**Goal of the exercise:** A word-for-word retyping of the listing is the goal.

**Stored data:**
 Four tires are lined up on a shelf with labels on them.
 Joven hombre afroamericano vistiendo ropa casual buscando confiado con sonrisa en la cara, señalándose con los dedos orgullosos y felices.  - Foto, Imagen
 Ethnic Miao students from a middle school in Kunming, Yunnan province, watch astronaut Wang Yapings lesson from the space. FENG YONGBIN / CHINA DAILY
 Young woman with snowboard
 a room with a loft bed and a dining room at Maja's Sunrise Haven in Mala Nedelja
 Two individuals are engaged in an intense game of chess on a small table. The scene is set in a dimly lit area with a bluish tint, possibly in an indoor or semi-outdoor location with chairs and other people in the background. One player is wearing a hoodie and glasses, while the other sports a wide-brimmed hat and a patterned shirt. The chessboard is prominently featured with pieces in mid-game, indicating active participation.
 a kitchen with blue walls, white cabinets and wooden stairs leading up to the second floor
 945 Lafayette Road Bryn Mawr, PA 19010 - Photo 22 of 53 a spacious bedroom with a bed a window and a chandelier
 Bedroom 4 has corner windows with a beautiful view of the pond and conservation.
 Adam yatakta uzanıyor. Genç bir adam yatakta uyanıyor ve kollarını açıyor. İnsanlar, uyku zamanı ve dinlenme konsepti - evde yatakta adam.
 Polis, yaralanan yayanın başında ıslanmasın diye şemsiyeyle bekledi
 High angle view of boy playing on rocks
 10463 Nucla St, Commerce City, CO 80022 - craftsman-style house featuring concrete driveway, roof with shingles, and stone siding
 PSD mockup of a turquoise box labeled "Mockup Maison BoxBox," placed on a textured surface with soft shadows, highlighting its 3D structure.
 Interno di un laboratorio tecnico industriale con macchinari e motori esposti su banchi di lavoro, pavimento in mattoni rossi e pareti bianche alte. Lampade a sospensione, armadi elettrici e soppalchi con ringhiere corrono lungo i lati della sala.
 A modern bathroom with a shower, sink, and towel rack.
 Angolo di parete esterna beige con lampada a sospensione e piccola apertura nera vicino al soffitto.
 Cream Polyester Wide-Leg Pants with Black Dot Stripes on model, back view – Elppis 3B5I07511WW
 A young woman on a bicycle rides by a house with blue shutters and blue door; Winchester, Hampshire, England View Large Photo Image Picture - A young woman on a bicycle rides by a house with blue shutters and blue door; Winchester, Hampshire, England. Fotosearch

**Solution to this problem:**
 Four tires are lined up on a shelf with labels on them.
 Joven hombre afroamericano vistiendo ropa casual buscando confiado con sonrisa en la cara, señalándose con los dedos orgullosos y felices.  - Foto, Imagen
 Ethnic Miao students from a middle school in Kunming, Yunnan province, watch astronaut Wang Yapings lesson from the space. FENG YONGBIN / CHINA DAILY
 Young woman with snowboard
 a room with a loft bed and a dining room at Maja's Sunrise Haven in Mala Nedelja
 Two individuals are engaged in an intense game of chess on a small table. The scene is set in a dimly lit area with a bluish tint, possibly in an indoor or semi-outdoor location with chairs and other people in the background. One player is wearing a hoodie and glasses, while the other sports a wide-brimmed hat and a patterned shirt. The chessboard is prominently featured with pieces in mid-game, indicating active participation.
 a kitchen with blue walls, white cabinets and wooden stairs leading up to the second floor
 945 Lafayette Road Bryn Mawr, PA 19010 - Photo 22 of 53 a spacious bedroom with a bed a window and a chandelier
 Bedroom 4 has corner windows with a beautiful view of the pond and conservation.
 Adam yatakta uzanıyor. Genç bir adam yatakta uyanıyor ve kollarını açıyor. İnsanlar, uyku zamanı ve dinlenme konsepti - evde yatakta adam.
 Polis, yaralanan yayanın başında ıslanmasın diye şemsiyeyle bekledi
 High angle view of boy playing on rocks
 10463 Nucla St, Commerce City, CO 80022 - craftsman-style house featuring concrete driveway, roof with shingles, and stone siding
 PSD mockup of a turquoise box labeled "Mockup Maison BoxBox," placed on a textured surface with soft shadows, highlighting its 3D structure.
 Interno di un laboratorio tecnico industriale con macchinari e motori esposti su banchi di lavoro, pavimento in mattoni rossi e pareti bianche alte. Lampade a sospensione, armadi elettrici e soppalchi con ringhiere corrono lungo i lati della sala.
 A modern bathroom with a shower, sink, and towel rack.
 Angolo di parete esterna beige con lampada a sospensione e piccola apertura nera vicino al soffitto.
 Cream Polyester Wide-Leg Pants with Black Dot Stripes on model, back view – Elppis 3B5I07511WW
 A young woman on a bicycle rides by a house with blue shutters and blue door; Winchester, Hampshire, England View Large Photo Image Picture - A young woman on a bicycle rides by a house with blue shutters and blue door; Winchester, Hampshire, England. Fotosearch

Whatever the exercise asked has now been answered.